In the following we view a database as a list of records. A record in turn is a list of values that each correspond to a particular observation or “attribute.” As we take all records to be of equal length, a database can be represented by a simple table in which rows are records and columns contain values for an attribute. An example database \(D_{a}\) with four rows and three columns can be seen below.

An example database \(D_{a}\) with four rows and three columns
age gender diabetes
old male yes
middle male yes
old female no
young female no

Now, consider the additional table \(D_{\text{lookup}}\) below.

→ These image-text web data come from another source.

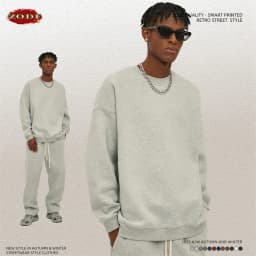 ZODF New 2025 Winter 350gsm Fleece Sweatshirts For Men Unisex Casual Loose Basic Solid O-Neck Thick Warm Pullovers HY0635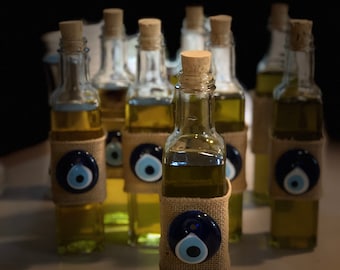Olive oil favor with evil eye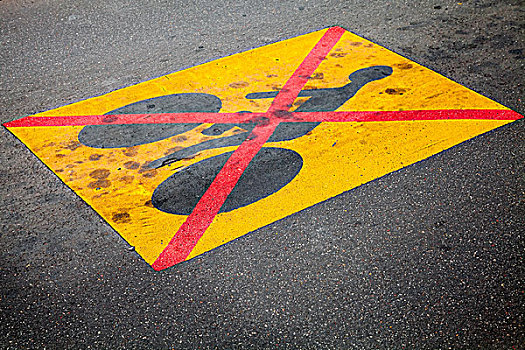自行车,交通,禁止,路标,沥青,道路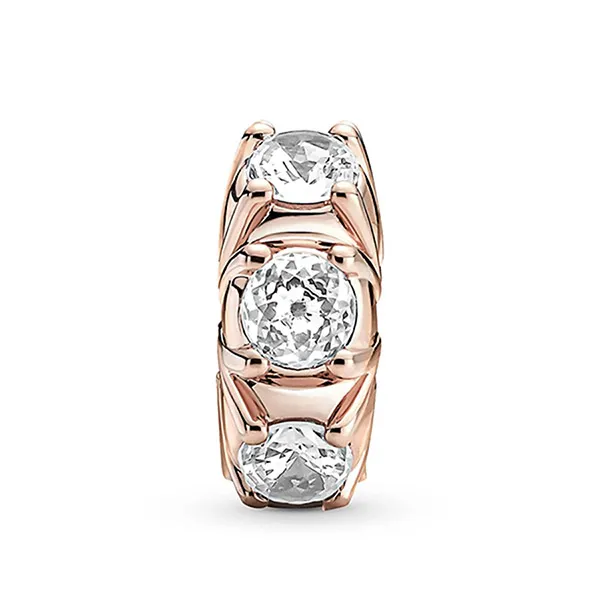 Hạt Vòng Charm Pandora Long Pronged Sparkling Clip 780046C01 Màu Vàng Hồng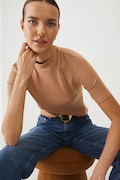 Medicine tricou culoarea bej, cu turtleneck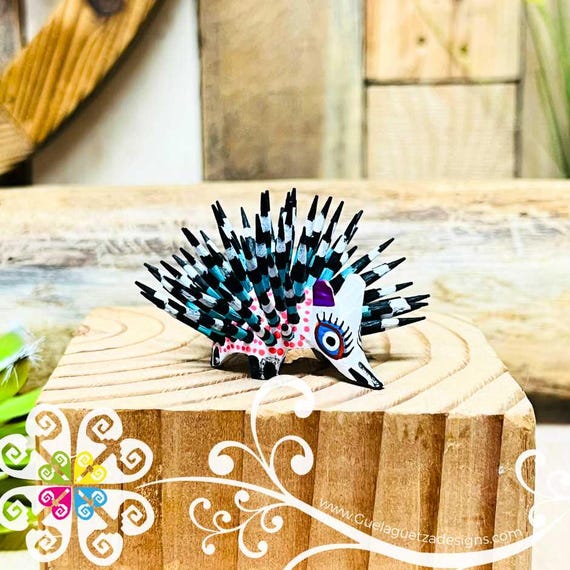 Mini Porcupine Alebrije – Hand-Carved Wood Figure, Oaxacan Folk Art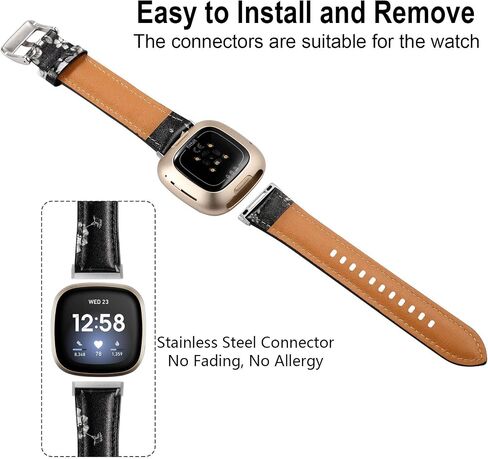 Maledan Top Grain Leather Compatible with Fitbit Versa 4 Bands for Women Men, Breathable Slim & Thin Strap Replacement Accessory Wrist band for Fitbit Versa 3/Sense/Sense 2 Smartwatch, Brown in Saudi Arabia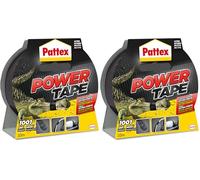 Pattex Power Tape, cinta multiusos resistente, fuerte, corte fácil, negro, 10 m (Paquete de 2)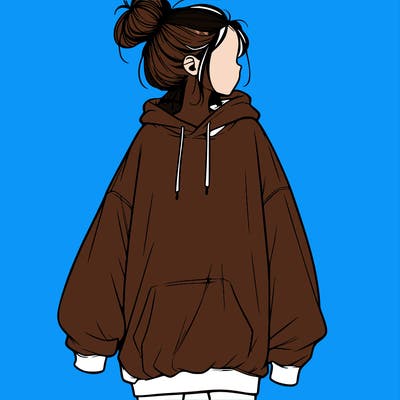 realistic girl with a oversized sweatshirt on and a bun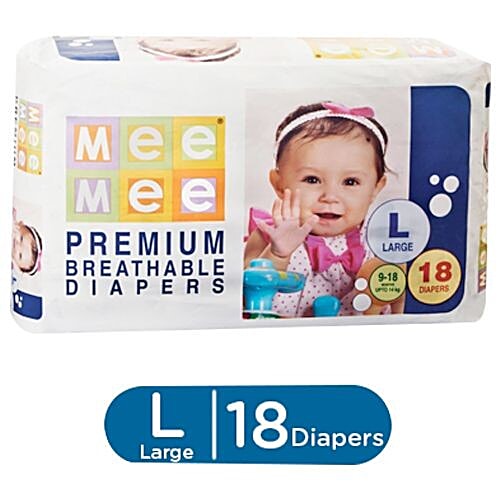 Mee Mee Premium Breathable Diapers - Large, 9-18 kg, Leak-Proof Technology, Wetness Indicator, 18 pcs Pouch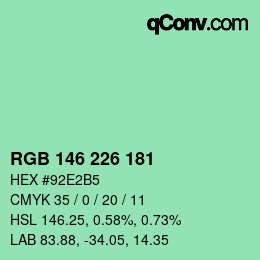 Color code: RGB 146 226 181 | qconv.com
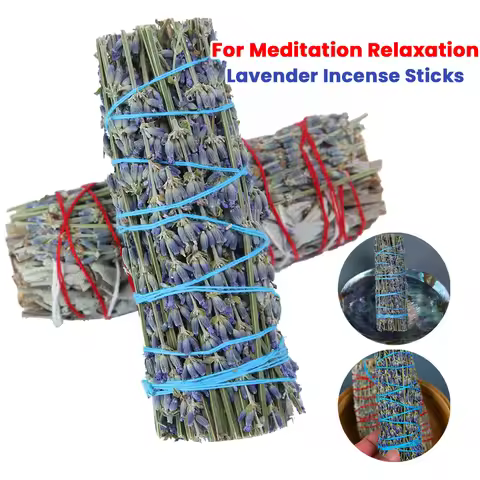 Lavender Incense Sticks Organic Lavender Smudge Wands Natural White Sage Bundle for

SSN lookup table \(D_{\text{lookup}}\) potentially used by \(M\) to re-identify our example database. Note that “not-young, male” fits the two first rows.
age gender SSN
young male 12344
old male 12345
middle male 12346
old female 12347
young female 12348

This table contains an explicit identifier SSN (social security number) associated with each row. If we join this database \(D_{\text{lookup}}\) with the information in database \(D_{a}\), we establish an explicit one-to-one connection between rows in \(D_{a}\) and identifiers SSN in \(D_{\text{lookup}}\). This joint information can be represented as the table \(D_{\text{identified}}\) below.

The result \(D_{\text{identified}}\) of joining databases \(D_{a}\) and \(D_{\text{lookup}}\)
age gender diabetes SSN
old male yes 12345
middle male yes 12346
old female no 12347
young female no 12348

The result \(D_{\text{identified}}\) constitutes a “re-identification” of each row in \(D_{a}\) and consequently the entire database \(D_{a}\).

Now consider a description of age as “not young.” This fits both old and middle age. If we try to look up a row “not-young, male, yes” in the lookup database \(D_{\text{lookup}}\), we see that this fits two of the rows, each with a distinct identifier value. Not being able to resolve this ambiguity, we must conclude that the row “not-young, male, yes” could be associated with either of SSNs 12345 and 12346.

Now, if we transform a data table such that any row becomes the same as \(k-1\) other rows in the same table, then the above approach of matching rows in a lookup table must result in each row matching either none or at least \(k\) rows in any lookup table that can be used to re-identify all rows of the original table.

Sweeney and Samarati thought that the above approach was too destructive with respect to usefulness. They proposed to select a set of attributes or columns that one thinks can be used for matching in other tables as “quasi-identifiers” and only require ambiguity in those. They parameterized this ambiguity by \(k\) and named this property of a data table \(k\)-anonymity.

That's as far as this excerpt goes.